Click here to read the release from the USGS (Jennifer LaVista):
A new study shows that mysterious cycles in salinity in the lower Colorado River are a result of precipitation patterns in the headwaters of the upper basin more than a thousand river miles away. The salinity levels generally repeat about every 10 years.
Beginning in the late 1970s, these decadal-scale salinity cycles were observed at monitoring locations on the lower Colorado River in the U.S., hampering the Bureau of Reclamation’s efforts to manage salinity in the river for delivery of water to Mexico to meet obligations under an international treaty.
The Colorado River provides water for more than 35 million people in the U.S. and 3 million in Mexico. The river also sustains agricultural production of food for millions in both countries. Mexico uses nearly all of its Colorado River allotment for irrigation. High salinity in irrigation water can reduce agricultural productivity and may preclude growing crops such as tomatoes and lettuce.
The new findings published in the Journal of Environmental Management were conducted by the USGS in cooperation with the Bureau of Reclamation.
“It’s important for Reclamation to be able to understand and forecast changes in salinity in the lower Colorado River as management actions may be required,” said Fred Tillman, lead author of the study. “Understanding the causes of the salinity cycles will provide Reclamation with about 4 years of advance notice on future changing salinity cycles in the lower river.”
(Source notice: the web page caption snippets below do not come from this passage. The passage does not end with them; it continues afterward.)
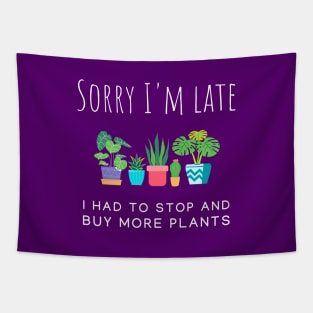 Sorry I'm late! I had to buy more plants Tapestry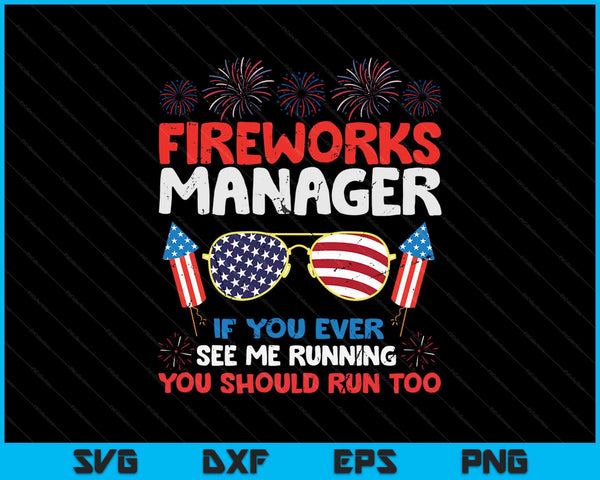 Fireworks Director Run Funny Fourth Of July SVG PNG Digital Cutting Files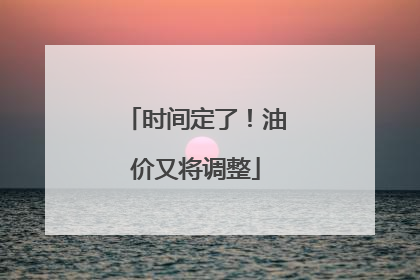 时间定了！油价又将调整
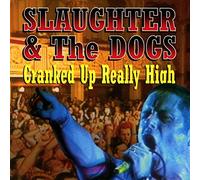 Slaughter and The Dogs - Cranked up Really High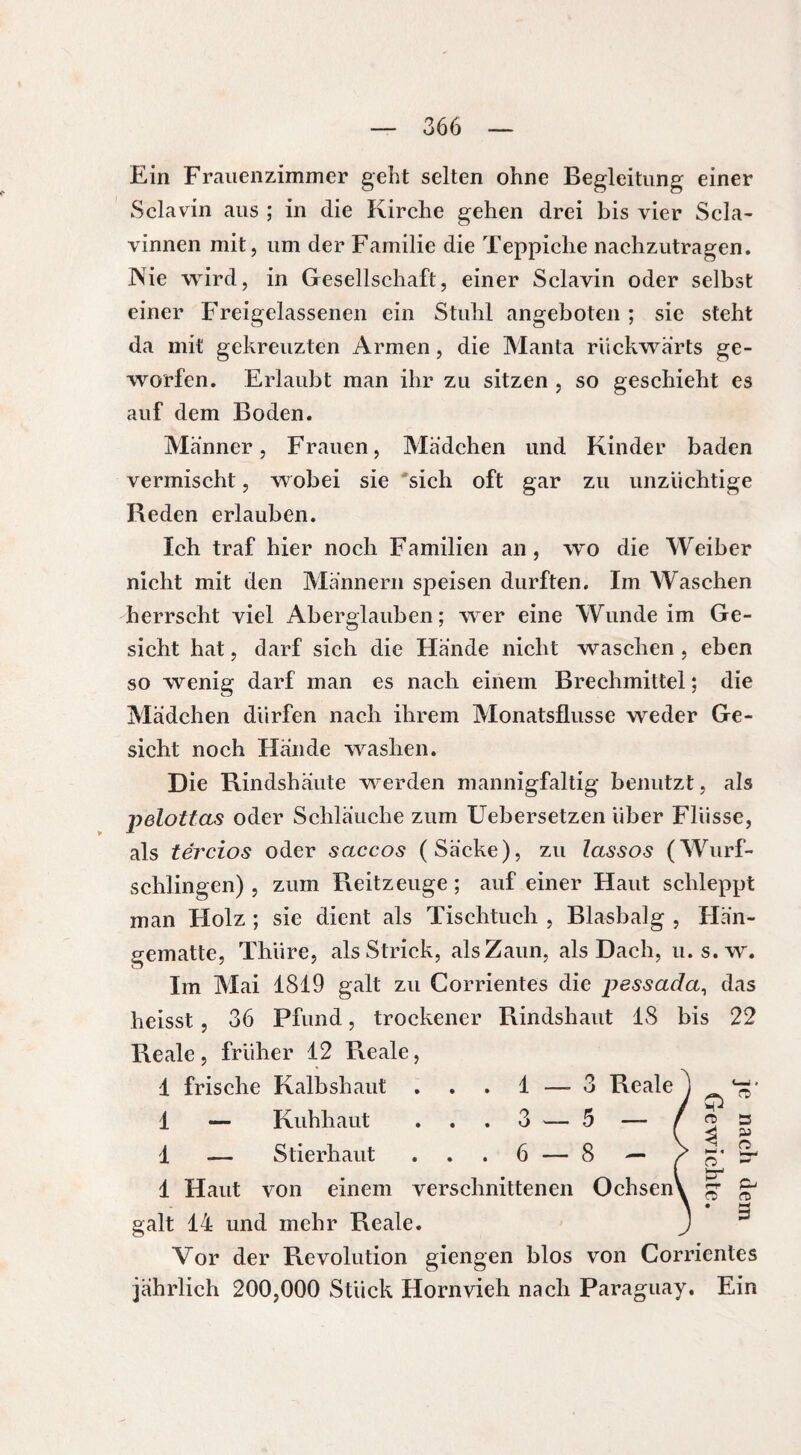 Ein Frauenzimmer gebt selten ohne Begleitung einer Sclavin aus ; in die Kirche gehen drei bis vier Scla- vinnen mit, um der Familie die Teppiche nachzutragen. Nie wird, in Gesellschaft, einer Sclavin oder selbst einer Freigelassenen ein Stuhl angeboten ; sie steht da mit gekreuzten Armen, die Manta rückwärts ge¬ worfen. Erlaubt man ihr zu sitzen , so geschieht es auf dem Boden. Männer, Frauen, Mädchen und Kinder baden vermischt, wobei sie sich oft gar zu unzüchtige Reden erlauben. Ich traf hier noch Familien an, wo die Weiber nicht mit den Männern speisen durften. Im Waschen herrscht viel Aberglauben; wer eine Wunde im Ge¬ sicht hat, darf sich die Hände nicht waschen , eben so wenig darf man es nach einem Brechmittel ; die Mädchen dürfen nach ihrem Monatsflusse weder Ge¬ sicht noch Hände washen. Die Rindshaute werden mannigfaltig benutzt, als pelottas oder Schlauche zum Uebersetzen über Flüsse, als tércios oder saccos (Sacke), zu lassos (Wurf¬ schlingen) , zum Reitzeuge ; auf einer Haut schleppt man Holz ; sie dient als Tischtuch , Blasbalg , Hän¬ gematte, Thiire, als Strick, als Zaun, als Dach, u.s.w. Im Mai 1819 galt zu Corrientes die pessada, das heisst, 36 Pfund, trockener Rindshaut 18 bis 22 Reale, früher 12 Reale, 1 frische Kalb sh aut 1 — Kuhhaut . . 1 — Stierhaut ... 6 — 8 — 1 Haut von einem verschnittenen Ochsen' galt 14 und mehr Reale. Vor der Revolution giengen blos von Corrientes jährlich 200,000 Stück Hornvieh nach Paraguay. Ein 1 —-3 Reale 3 — 5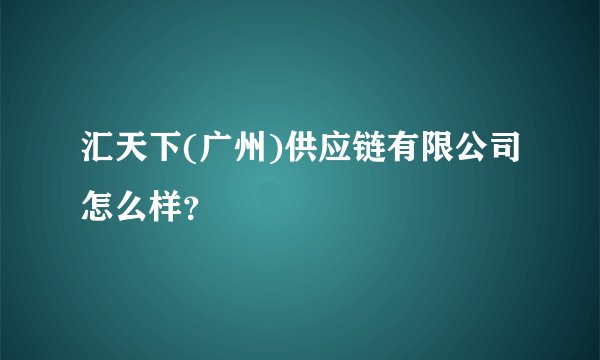 汇天下(广州)供应链有限公司怎么样？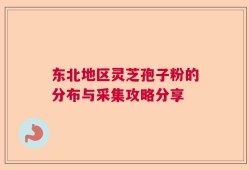 东北地区灵芝孢子粉的分布与采集攻略分享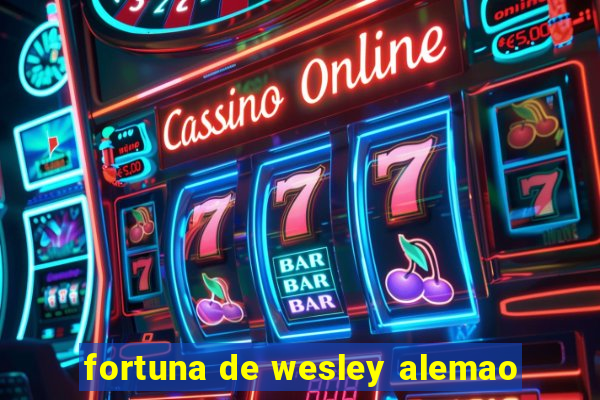 fortuna de wesley alemao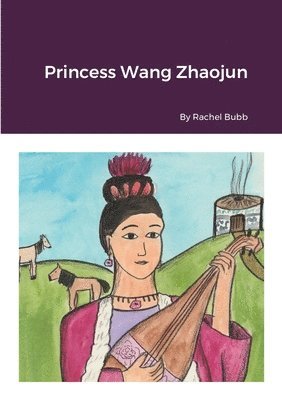 Rachel Bubb - Princess Wang Zhaojun, Häftad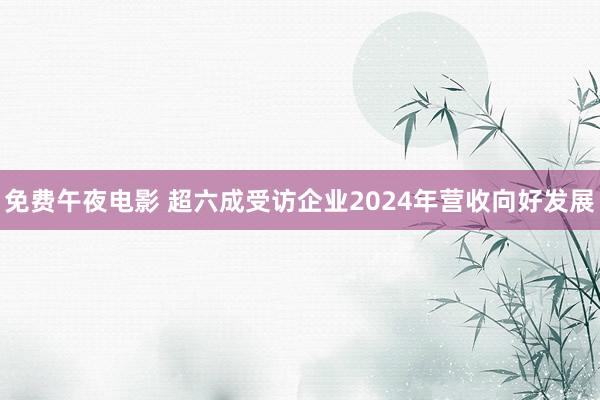 免费午夜电影 超六成受访企业2024年营收向好发展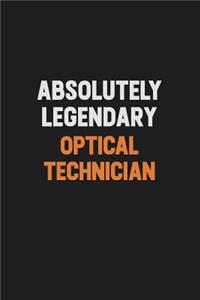 Absolutely Legendary Optical Technician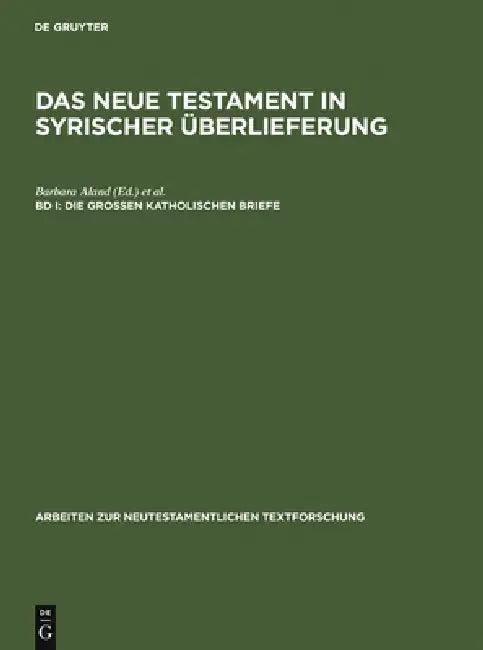 Die Großen Katholischen Briefe (English, Barbara Aland | Andreas Juckel)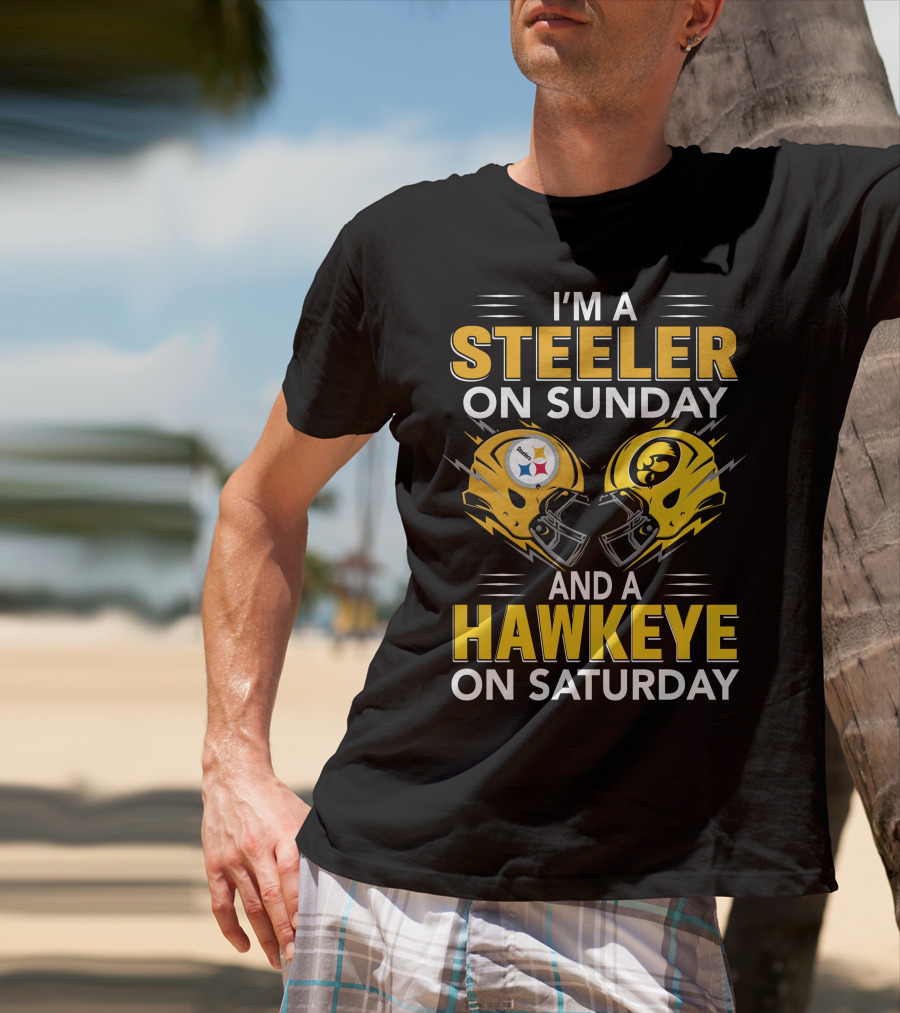 I'm A Steeler On Sunday And A Hawkeye On Saturday Helmet T-Shirt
USGS scientists tracked salinity cycles from the northern international boundary with Mexico, upstream through Lake Mead and the Grand Canyon, to Lees Ferry using extensive streamflow and water- chemistry datasets. Scientists first hypothesized that evaporation in Lake Powell may cause the cycles. However, evaluation of lake water levels, evaporation data and salinity results from Lake Powell eliminated the reservoir as the cause. Scientists continued their search even farther up the basin, finding that monitoring data from the Green, Colorado and San Juan Rivers in the upper basin all showed salinity cycles that were similar to those seen on the lower river. Cyclical patterns in precipitation in the upper basin were discovered to be causing the cyclical salinity patterns in the river that then travel downstream relatively unchanged.